ADMITTEDLY LAUGHLIN SHOULD HAVE CONFERRED WITH THE UNION ABOUT THE
IMPACT BEFORE IT DID. BUT THERE IS NO EVIDENCE THAT THE READINESS WAS
OTHER THAN INADVERTANT OR THAT IT WAS MOTIVATED BY ANY ILL WILL TOWARDS
THE UNION OR BY BAD FAITH. A UNION OFFICIAL WAS ONE OF THE PLANNERS OF
THE CHANGE AND IT DOES NOT SEEM UNREASONABLE FOR LAUGHLIN TO HAVE
ASSUMED THAT THE UNION WAS AWARE OF THE IMPENDING CHANGE.

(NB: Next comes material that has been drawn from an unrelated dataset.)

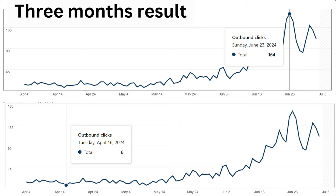It will not take that long in my personal experience to grow a Pinterest account as long as you're doing it the right way. You can see this account right here went from six clicks to 164 clicks in as little as three months with my strategy. So just start over and start right.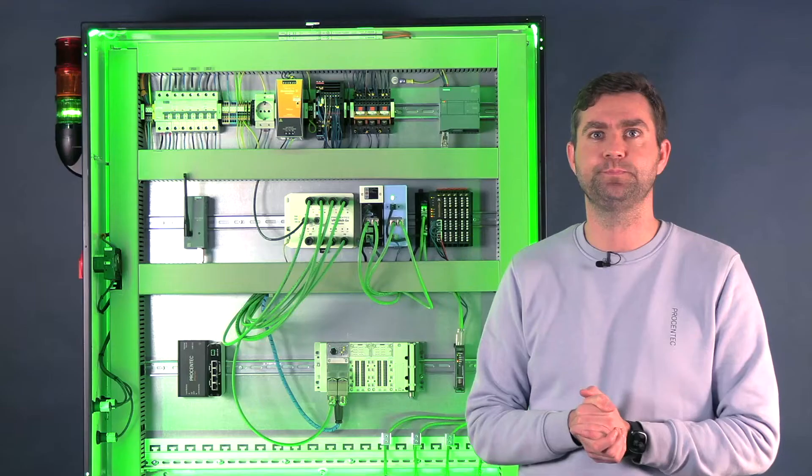ProCentic is a Dutch company with over 20 years experience in the field of industrial communication with a specific focus on Profibus, Profinet, Ethernet IP and most recently EtherCAT.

WHEN MANAGEMENT DID LEARN OF THE UNION'S UNHAPPINESS IT DID MEET AND
CONFER WITH THE UNION. NOT ONLY DID LAUGHLIN NEGOTIATE ABOUT THE
IMPACT, BUT IT HAS SUBSTANTIALLY MODIFIED THE TELEPHONE SYSTEM AND THE
EMERGENCY CALL PROCEDURES TO MEET THE UNION'S OBJECTIONS. THAT LAUGHLIN
DID SO SOMEWHAT TARDILY IS AT MOST A TECHNICAL VIOLATION OF THE
EXECUTIVE ORDER, AND IN MY VIEW, DE MINIMUS WITHIN THE MEANING OF
VANDENBERG AIR FORCE BASE V. LOCAL UNION 1001 NFFE, 3 FLRC 492, FLRC NO.

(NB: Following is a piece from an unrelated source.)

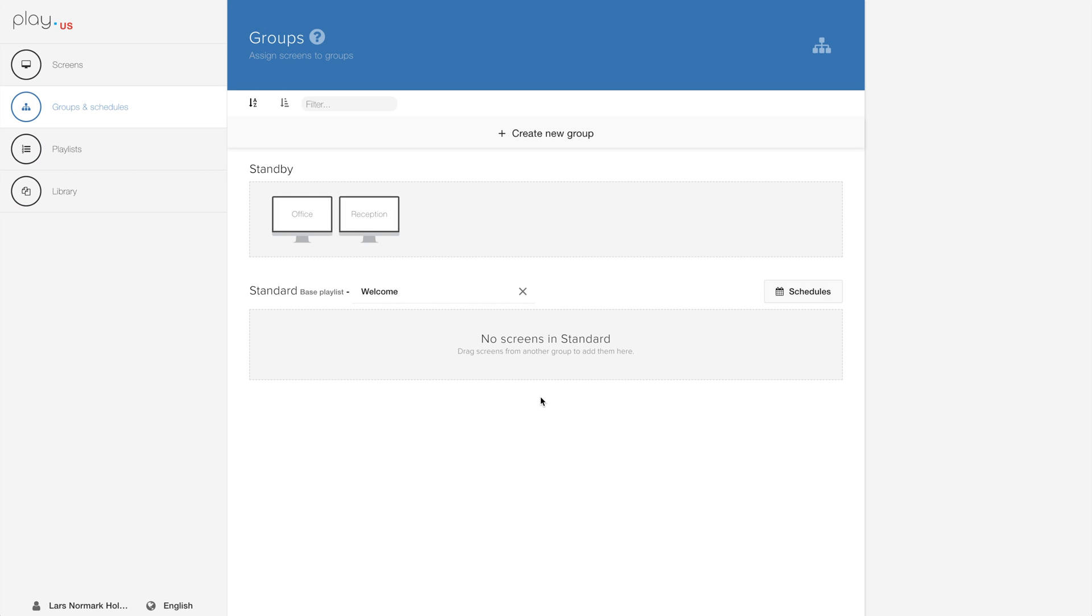As you can see, we are already at our groups page and this page will contain all of your groups. You will be able to see all the screens that are assigned to your groups.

74A-77. THERE IS NO INDICATION THAT LAUGHLIN'S DISCUSSIONS WITH THE
UNION ABOUT IMPACT WERE OTHER THAN IN GOOD FAITH. WHILE THE RESULTS
WERE NOT SATISFACTORY TO THE UNION, THE EXECUTIVE ORDER DID NOT IMPOSE
ON LAUGHLIN THE DUTY TO RESOLVE THE DISPUTE TO THE UNION'S SATISFACTION.
ALL THE ORDER REQUIRES IS THAT LAUGHLIN MEET WITH THE UNION AND CONFER
IN GOOD FAITH, AND I FIND THAT LAUGHLIN DID DO THAT.

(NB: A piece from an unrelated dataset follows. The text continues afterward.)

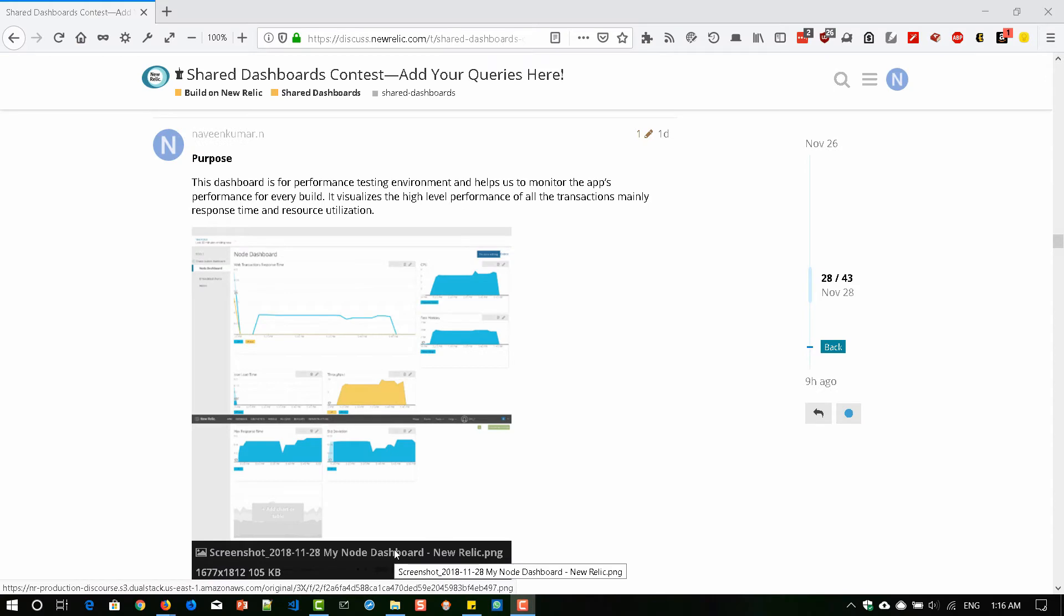Hi, last week I posted a video about New Relic's Shared Dashboard Contest where you can win two Apple Watches. Those who are participating will also get a t-shirt and badge from New Relic.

THE UNION PLACES MUCH EMPHASIS ON THE POINT THAT THE NEW TELEPHONE
SYSTEM HAMPERS THE VARIOUS UNION OFFICIALS IN CARRYING OUT THEIR LAWFUL
UNION FUNCTIONS. BUT I FIND NO AUTHORITY FOR THE PROPOSITION THAT
LAUGHLIN IS REQUIRED TO PROVIDE THE UNION'S OFFICIALS A MORE EFFICIENT
TELEPHONE SYSTEM THAN THE ONE LAUGHLIN USES TO CONDUCT ITS BUSINESS. IN
THE ABSENCE OF DELIBERATE EFFORT TO INTERFERE WITH UNION ACTIVITIES, OF
WHICH THERE IS ABSOLUTELY NO SHOWING, THE UNION CANNOT COMPLAIN UNDER
THE EXECUTIVE ORDER MERELY BECAUSE THE OLD SYSTEM PERMITTED A MORE
EXPEDITIOUS HANDLING OF ITS BUSINESS.
ACCORDINGLY, I FIND NO SIGNIFICANT VIOLATION OF THE EXECUTIVE ORDER
BY RESPONDENT AND CONCLUDE THAT THE COMPLAINT MUST BE DISMISSED IN ITS
ENTIRETY.
ORDER
PURSUANT TO EXECUTIVE ORDER 11491, AS AMENDED, THE FEDERAL LABOR
RELATIONS AUTHORITY HEREBY ORDERS THAT THE COMPLAINT IN THIS MATTER BE
DISMISSED IN ITS ENTIRETY.
SO ORDERED THIS THE 25TH DAY OF JANUARY, 1979, IN SAN FRANCISCO,
CALIFORNIA.
ALEXANDER KARST
ADMINISTRATIVE LAW JUDGE
AK:VAG
/1/COMPARE VANDENBERG AIR FORCE BASE, 439SD AEROSPACE SUPPORT GROUP,
VANDENBERG AIR FORCE BASE, CALIFORNIA, 4 A/SLMR 626, A/SLMR NO. 435, 3
FLRC 492, FLRC NO. 74A-77 (1975), WHERE A REFUSAL TO CONTINUE
NEGOTIATIONS WITH A LABOR ORGANIZATION WAS FOUND TO BE MERELY A
TECHNICAL OR DE MINIMUS VIOLATION OF THE ORDER IN LIGHT OF THE
RESPONDENT'S RENEWED EFFORTS THE FOLLOWING DAY TO RESUME THE
NEGOTIATIONS.
/2/ IN CONFORMITY WITH SECTION 902(B) OF THE CIVIL SERVICE REFORM ACT
OF 1978 (92 STAT. 1224), THE PRESENT CASE IS DECIDED SOLELY ON THE BASIS
OF E.O. 11491, AS AMENDED, AND AS IF THE NEW FEDERAL LABOR-MANAGEMENT
RELATIONS STATUTE (92 STAT. 1191) HAD NOT BEEN ENACTED. THE DECISION
AND ORDER DOES NOT PREJUDGE IN ANY MANNER EITHER THE MEANING OR THE
APPLICATION OF RELATED PROVISIONS IN THE NEW STATUTE OR THE RESULT WHICH
WOULD BE REACHED BY THE AUTHORITY IF THE CASE HAD ARISEN UNDER THE
STATUTE RATHER THAN THE EXECUTIVE ORDER.